--- What you will do ---
Would you transcribe the records below from the line with "Guatemala enfrentará a" to the line with "중고 Burberry - 버버리 토드백 썸네일 3", ends included, exactly and with nothing more, leaving the pictures out?

--- Given information ---
_ _ _ _
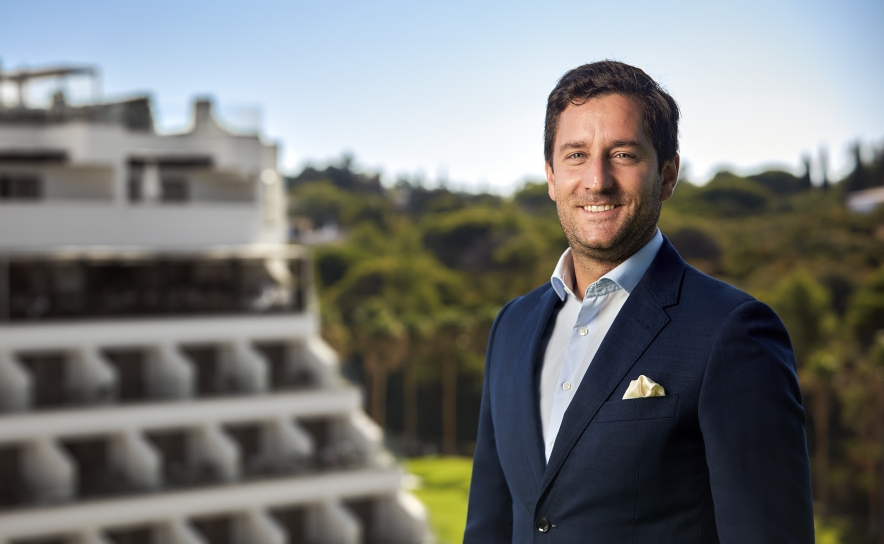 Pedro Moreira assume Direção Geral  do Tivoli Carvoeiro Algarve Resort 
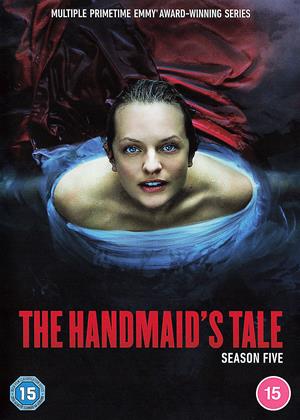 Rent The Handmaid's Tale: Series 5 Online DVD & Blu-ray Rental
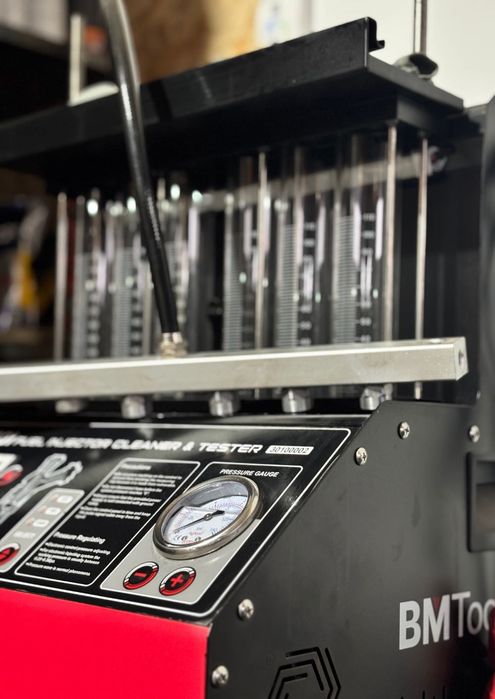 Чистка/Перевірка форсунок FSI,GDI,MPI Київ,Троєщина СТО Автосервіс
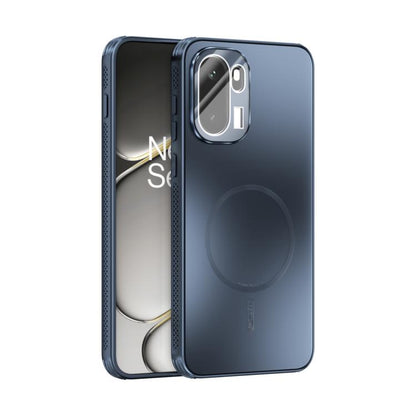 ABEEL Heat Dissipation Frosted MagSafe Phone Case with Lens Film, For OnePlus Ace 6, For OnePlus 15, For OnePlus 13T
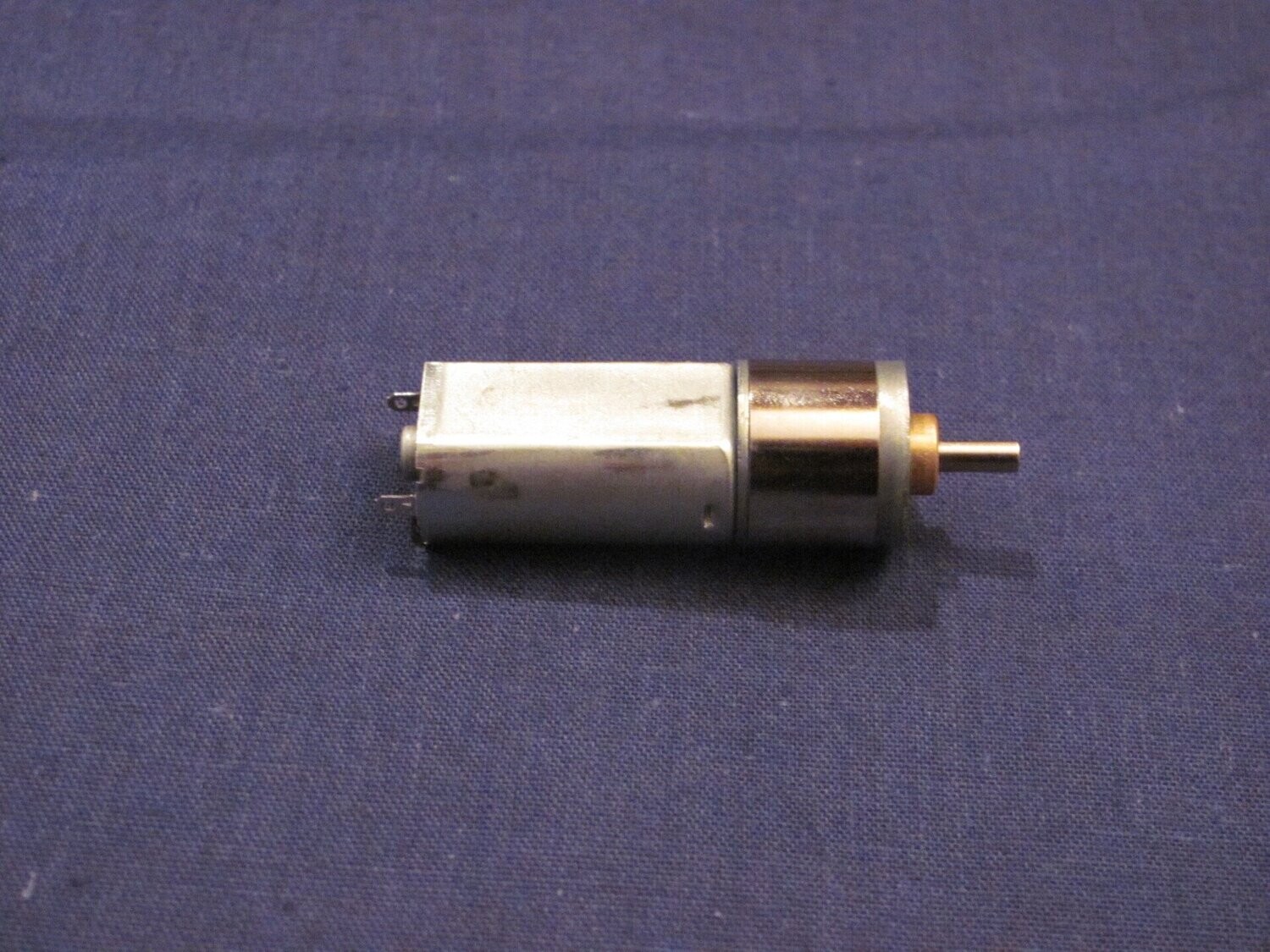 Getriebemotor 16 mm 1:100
_ _ _ _
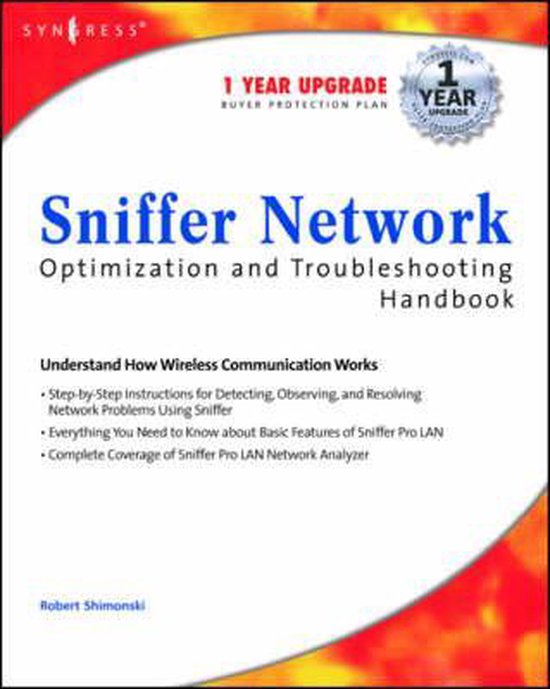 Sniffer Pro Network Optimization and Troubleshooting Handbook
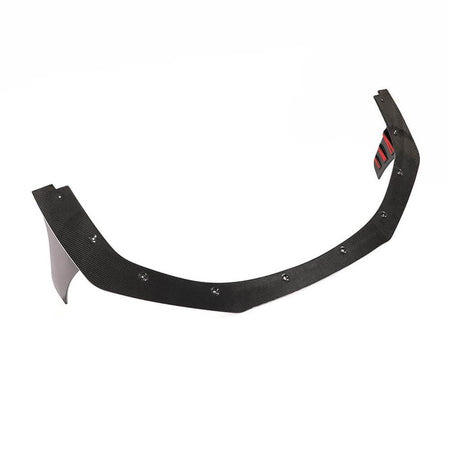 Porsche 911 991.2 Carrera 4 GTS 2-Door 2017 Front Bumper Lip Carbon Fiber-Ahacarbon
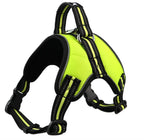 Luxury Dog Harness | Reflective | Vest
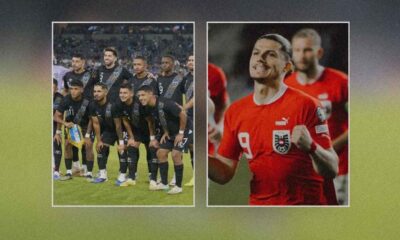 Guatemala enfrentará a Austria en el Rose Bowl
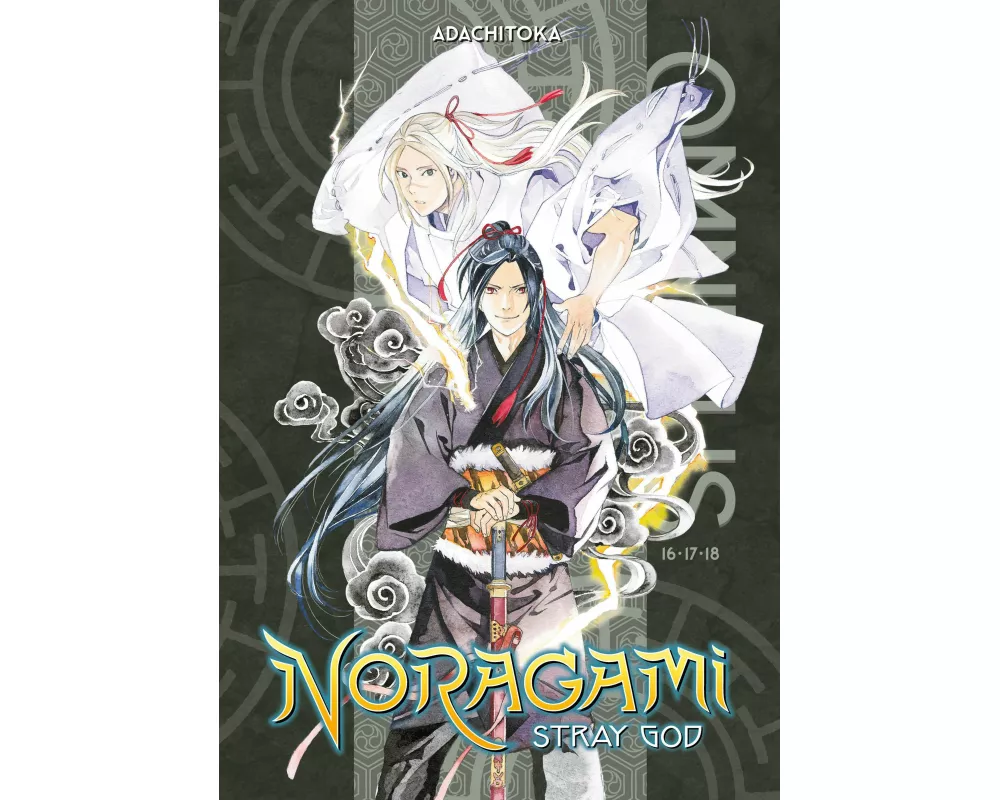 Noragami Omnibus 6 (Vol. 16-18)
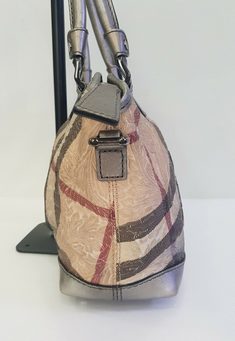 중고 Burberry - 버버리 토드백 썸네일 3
_ _ _ _
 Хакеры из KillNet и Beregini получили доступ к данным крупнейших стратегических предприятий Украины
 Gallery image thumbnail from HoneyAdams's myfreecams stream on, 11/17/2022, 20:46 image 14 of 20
_ _ _ _
--- Result of this exercise ---
 Guatemala enfrentará a Austria en el Rose Bowl
 Noragami Omnibus 6 (Vol. 16-18)
 중고 Burberry - 버버리 토드백 썸네일 3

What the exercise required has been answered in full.